Sebastián Noguera, presidente y cofundador de la plataforma Tuhabi, ha señalado que el crédito hipotecario ha desempeñado un papel crucial al facilitar el acceso a inmuebles bien ubicados y listos para habitar. En su plataforma, el precio promedio de las viviendas vendidas en el primer trimestre del 2025 fue de 1.22 millones de pesos, cifra que se encuentra por debajo del promedio nacional, lo que reafirma su compromiso hacia la vivienda asequible.
A pesar de que la tasa hipotecaria promedio alcanzó el 11.65% en este trimestre, la colocación de créditos se ha mantenido estable. Este fenómeno refleja la resiliencia del mercado y una fuerte demanda habitacional, especialmente entre aquellos que buscan adquirir su primera vivienda. Los compradores están priorizando productos más flexibles y procesos digitales, los cuales simplifican la experiencia y reducen las barreras tradicionales.
La digitalización del proceso hipotecario, mediante herramientas como avalúos digitales, precalificación en línea y firma electrónica, tiene el potencial de acelerar aún más este mercado y hacer que el crédito sea más accesible para los hogares de ingresos medios.

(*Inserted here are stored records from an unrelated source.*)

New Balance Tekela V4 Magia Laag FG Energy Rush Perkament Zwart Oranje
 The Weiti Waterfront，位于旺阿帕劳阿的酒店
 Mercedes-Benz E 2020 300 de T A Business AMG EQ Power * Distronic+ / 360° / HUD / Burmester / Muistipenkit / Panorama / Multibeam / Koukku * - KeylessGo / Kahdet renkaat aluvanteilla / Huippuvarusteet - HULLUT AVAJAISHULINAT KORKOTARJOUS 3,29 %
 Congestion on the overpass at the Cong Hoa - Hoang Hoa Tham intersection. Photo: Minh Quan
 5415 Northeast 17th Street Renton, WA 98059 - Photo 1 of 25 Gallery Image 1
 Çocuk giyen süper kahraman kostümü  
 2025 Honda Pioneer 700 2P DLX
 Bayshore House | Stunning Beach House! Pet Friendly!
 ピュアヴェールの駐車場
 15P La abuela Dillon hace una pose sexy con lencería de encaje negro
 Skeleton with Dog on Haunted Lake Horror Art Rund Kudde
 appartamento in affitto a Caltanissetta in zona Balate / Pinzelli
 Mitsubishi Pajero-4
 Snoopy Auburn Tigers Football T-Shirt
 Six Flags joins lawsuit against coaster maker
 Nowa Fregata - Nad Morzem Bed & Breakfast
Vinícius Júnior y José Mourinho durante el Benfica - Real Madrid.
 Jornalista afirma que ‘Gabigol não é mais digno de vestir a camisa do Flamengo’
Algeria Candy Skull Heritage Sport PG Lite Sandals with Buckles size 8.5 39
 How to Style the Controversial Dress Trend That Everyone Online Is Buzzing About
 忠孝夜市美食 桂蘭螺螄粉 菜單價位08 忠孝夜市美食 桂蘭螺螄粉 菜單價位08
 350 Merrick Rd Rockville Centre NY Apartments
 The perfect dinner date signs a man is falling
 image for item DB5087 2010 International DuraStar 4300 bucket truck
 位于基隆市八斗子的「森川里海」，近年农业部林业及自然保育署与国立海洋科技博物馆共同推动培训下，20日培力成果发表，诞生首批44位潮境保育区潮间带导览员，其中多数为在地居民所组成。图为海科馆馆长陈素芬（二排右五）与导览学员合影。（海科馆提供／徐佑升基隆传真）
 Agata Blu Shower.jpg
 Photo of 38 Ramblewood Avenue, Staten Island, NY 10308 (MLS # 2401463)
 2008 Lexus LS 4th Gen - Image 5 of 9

Con este impulso, la vivienda usada no solo mantiene su atractivo, sino que se establece como un componente esencial en la expansión del mercado hipotecario en México, a pesar de los crecientes costos. Esta dinámica resalta la importancia de adaptarse a las necesidades cambiantes del mercado y a las preferencias de los compradores, asegurando un futuro más accesible para la propiedad en el país.
La información mencionada es precisa hasta el 11 de junio de 2025 y no se dispone de actualizaciones posteriores.